- _EXTRACTED ENTRIES_:
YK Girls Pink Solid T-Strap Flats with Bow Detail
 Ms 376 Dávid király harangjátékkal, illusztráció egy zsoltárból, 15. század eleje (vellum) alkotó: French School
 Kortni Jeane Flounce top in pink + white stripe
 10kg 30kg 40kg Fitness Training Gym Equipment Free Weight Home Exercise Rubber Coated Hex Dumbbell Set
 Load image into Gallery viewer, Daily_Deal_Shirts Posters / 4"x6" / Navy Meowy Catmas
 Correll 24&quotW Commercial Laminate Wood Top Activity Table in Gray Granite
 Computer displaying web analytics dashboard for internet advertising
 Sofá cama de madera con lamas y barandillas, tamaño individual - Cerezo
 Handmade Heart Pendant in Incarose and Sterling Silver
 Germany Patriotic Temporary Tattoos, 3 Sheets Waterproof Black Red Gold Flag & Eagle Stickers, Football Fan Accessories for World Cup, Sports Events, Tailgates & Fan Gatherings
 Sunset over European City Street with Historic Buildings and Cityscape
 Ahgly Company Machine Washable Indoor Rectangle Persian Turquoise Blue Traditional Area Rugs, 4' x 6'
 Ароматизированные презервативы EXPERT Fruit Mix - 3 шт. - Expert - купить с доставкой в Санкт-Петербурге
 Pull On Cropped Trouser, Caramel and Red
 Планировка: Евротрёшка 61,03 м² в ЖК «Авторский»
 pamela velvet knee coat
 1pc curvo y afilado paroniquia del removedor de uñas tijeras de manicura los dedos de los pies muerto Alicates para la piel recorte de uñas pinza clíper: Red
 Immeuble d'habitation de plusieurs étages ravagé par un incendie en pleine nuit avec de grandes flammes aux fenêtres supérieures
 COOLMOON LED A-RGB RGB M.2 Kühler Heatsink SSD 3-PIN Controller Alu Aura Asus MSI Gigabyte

- _ASSIGNMENT_:
Restate every line of the data above exactly as it was written.

- _ANSWER TO THE PROBLEM_:
YK Girls Pink Solid T-Strap Flats with Bow Detail
 Ms 376 Dávid király harangjátékkal, illusztráció egy zsoltárból, 15. század eleje (vellum) alkotó: French School
 Kortni Jeane Flounce top in pink + white stripe
 10kg 30kg 40kg Fitness Training Gym Equipment Free Weight Home Exercise Rubber Coated Hex Dumbbell Set
 Load image into Gallery viewer, Daily_Deal_Shirts Posters / 4"x6" / Navy Meowy Catmas
 Correll 24&quotW Commercial Laminate Wood Top Activity Table in Gray Granite
 Computer displaying web analytics dashboard for internet advertising
 Sofá cama de madera con lamas y barandillas, tamaño individual - Cerezo
 Handmade Heart Pendant in Incarose and Sterling Silver
 Germany Patriotic Temporary Tattoos, 3 Sheets Waterproof Black Red Gold Flag & Eagle Stickers, Football Fan Accessories for World Cup, Sports Events, Tailgates & Fan Gatherings
 Sunset over European City Street with Historic Buildings and Cityscape
 Ahgly Company Machine Washable Indoor Rectangle Persian Turquoise Blue Traditional Area Rugs, 4' x 6'
 Ароматизированные презервативы EXPERT Fruit Mix - 3 шт. - Expert - купить с доставкой в Санкт-Петербурге
 Pull On Cropped Trouser, Caramel and Red
 Планировка: Евротрёшка 61,03 м² в ЖК «Авторский»
 pamela velvet knee coat
 1pc curvo y afilado paroniquia del removedor de uñas tijeras de manicura los dedos de los pies muerto Alicates para la piel recorte de uñas pinza clíper: Red
 Immeuble d'habitation de plusieurs étages ravagé par un incendie en pleine nuit avec de grandes flammes aux fenêtres supérieures
 COOLMOON LED A-RGB RGB M.2 Kühler Heatsink SSD 3-PIN Controller Alu Aura Asus MSI Gigabyte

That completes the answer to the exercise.